Three people killed, eighteen injured. These are numbers recorded on paper, but each digit represents a family, a set of routines upended, and a neighborhood that now has an empty place at table. Since Russia’s full-scale invasion in February 2022, the war has caused widespread loss: millions displaced internally and abroad, billions in infrastructure damage, and a toll on civilian life that is not fully captured by casualty tallies alone.

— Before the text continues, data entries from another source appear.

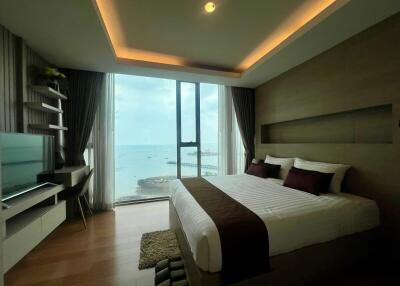 Modern bedroom with ocean view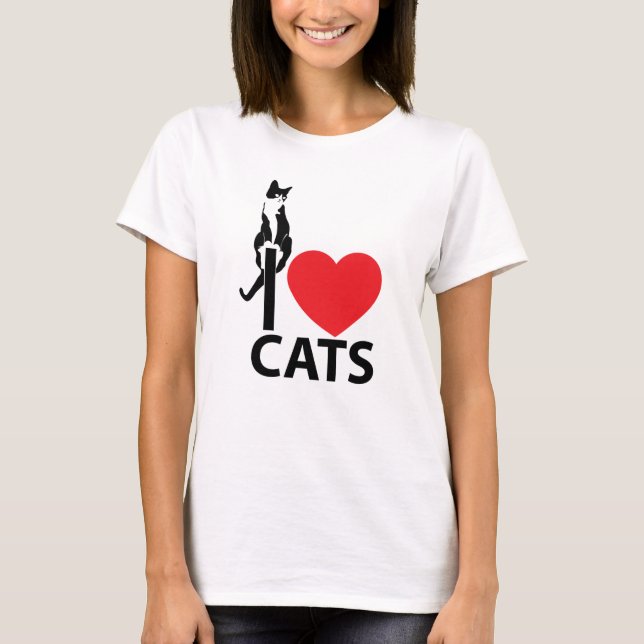 J'aime le T-shirt de chats (Devant)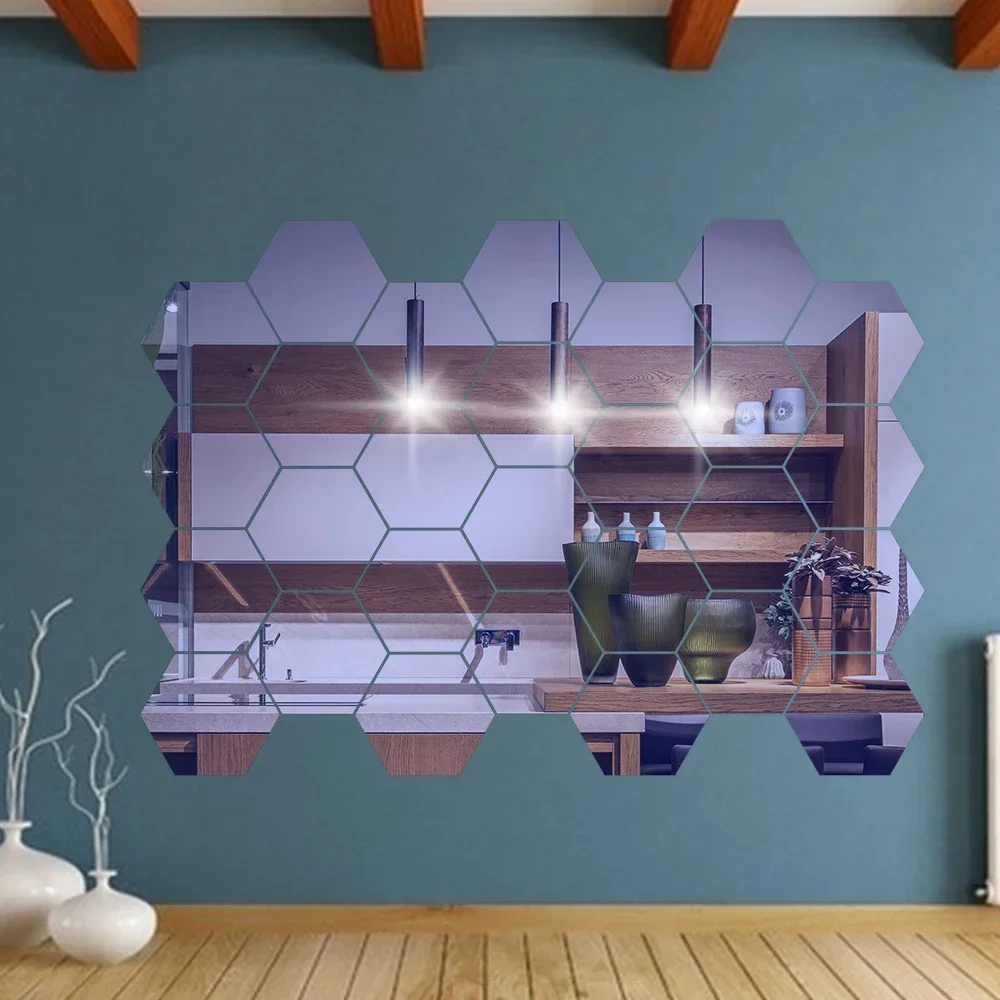 1/100x Hexagon Mirror Stickers Self-adhesive Mini Mirror Solid Paster Home Bedroom Art Decoration Gold Silver Red Black Decals Mirror Wall Sticker Wall Sticker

“If you walk through Kyiv today, the cost isn’t just the blackened walls,” said Dr. Olena Hrynenko, a psychologist working with trauma survivors. “It’s the mistrust, the sleepless children, the grandparents who no longer dare to walk to the market. Recovery will take years — perhaps a generation — and the healing work has to begin now, even as the war continues.”

International echoes

With western Ukraine under threat, Poland activated its own and allied aircraft to ensure air safety, according to the operational command of the Polish armed forces — a reminder that the conflict’s shocks reverberate beyond Ukraine’s borders. Governments and international bodies continue to juggle diplomatic pressure, sanctions, military aid, and humanitarian assistance, even as the violence reshapes neighborhoods and national conversations about security.

What does resilience look like?

Amid the rubble and alarm, ordinary acts of kindness persist. Volunteers ferry medicines across checkpoints. A bakery in Sviatoshynskyi handed out loaves for free to those queuing at the temporary shelters. Strangers shared their powerbanks. In a country used to defying the shock of each fresh assault, small rituals of solidarity have become, paradoxically, the architecture of endurance.

“We cannot let this define us,” said a young teacher who spent the morning registering displaced children at a makeshift classroom. “There will be mourning, yes. There will be anger. But there must also be school, there must be birthdays, there must be bread. That is how we keep our humanity.”

Questions to sit with

As you read this from wherever you are in the world, consider: what does it mean when civilian spaces are no longer safe? How should communities and governments balance immediate protection with long-term recovery? And what role do global actors play when the lines between military targets and everyday life blur?

These are not rhetorical exercises. They are the contours of policy, aid and empathy that will shape what comes next — for Kyiv, for Ukraine, and for any city that learns in the hard way that the modern battlefield reaches into living rooms and nursery rooms alike.

For now, Kyiv holds its breath and then exhales in small, stubborn acts: a bowl of soup shared on a cold stairwell, a firefighter going back into the smoke, a volunteer sewing warm hats for children who woke up to ash on their lips. The headlines will say “attacks” and “tally”; the city knows the softer, more painful ledger by heart.